*** Data provided Section Begins ***

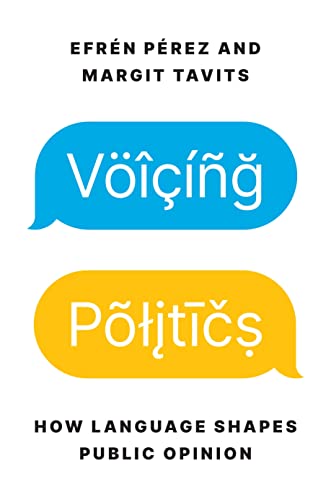 Voicing Politics How Language Shapes Public Opinion [Hardcover]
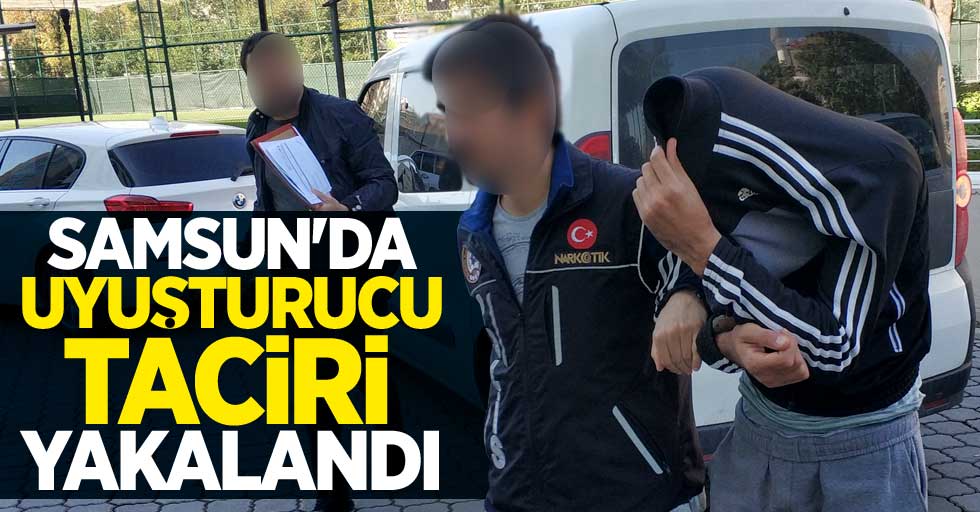 Samsun'da uyuşturucu taciri yakalandı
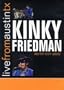 Kinky Friedman: Live From Austin Texas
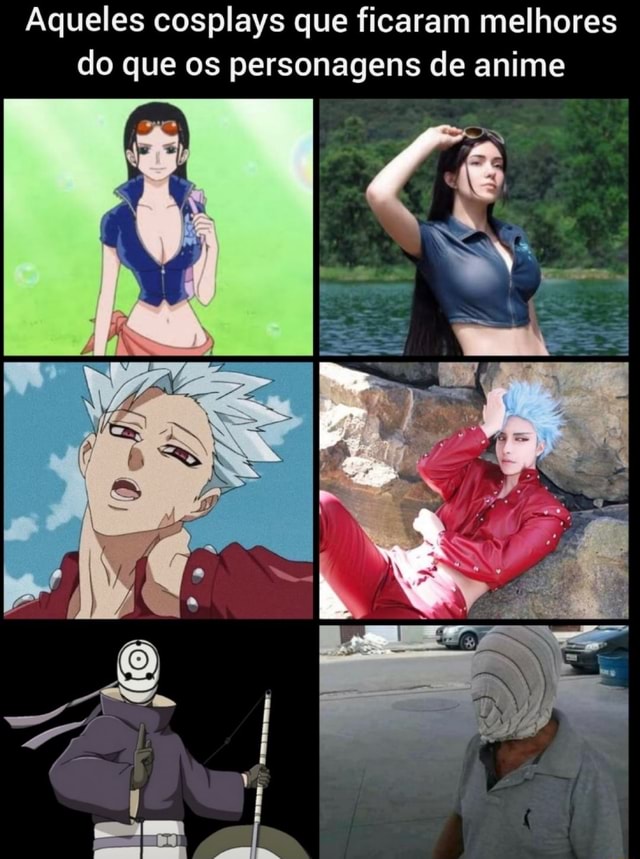 Aqueles Cosplays Que Ficaram Melhores Do Que Os Personagens De Anime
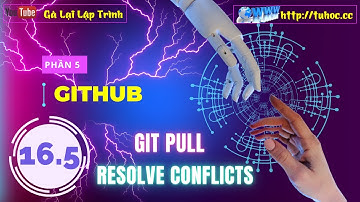 16.5 Git Pull and Resolve Conflicts Step-by-Step Tutorial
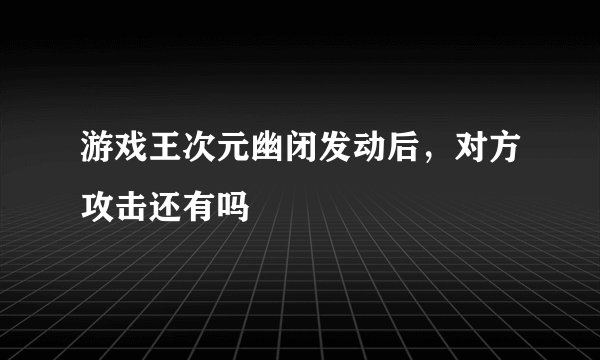 游戏王次元幽闭发动后，对方攻击还有吗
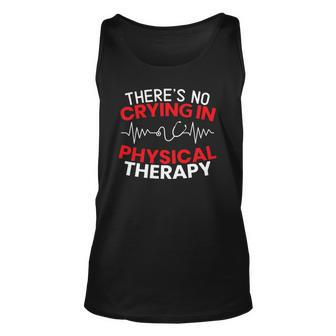 Theres No Crying In Physical Therapy Physiotherapy Pt Unisex Tank Top | Mazezy
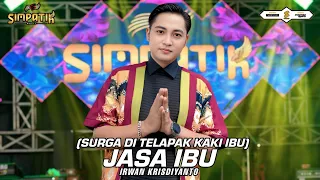 menangis bawakan lagu ini jasa ibu surga di telapak kaki ibu irwan krisdiyanto simpatik music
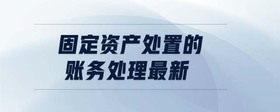 固定資產(chǎn)處置的賬務(wù)處理最新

*** Data provided Section Ends ***

- **Task**:
Pictures are to be dropped; every line of the records is to be returned unchanged.

- **Problem solution**:
 Voicing Politics How Language Shapes Public Opinion [Hardcover]
 Samsun'da uyuşturucu taciri yakalandı
 Kinky Friedman: Live From Austin Texas
 Aqueles Cosplays Que Ficaram Melhores Do Que Os Personagens De Anime
 16.5 Git Pull and Resolve Conflicts Step-by-Step Tutorial
 游戏王次元幽闭发动后，对方攻击还有吗
 Theres No Crying In Physical Therapy Physiotherapy Pt Unisex Tank Top | Mazezy
 menangis bawakan lagu ini jasa ibu surga di telapak kaki ibu irwan krisdiyanto simpatik music
 固定資產(chǎn)處置的賬務(wù)處理最新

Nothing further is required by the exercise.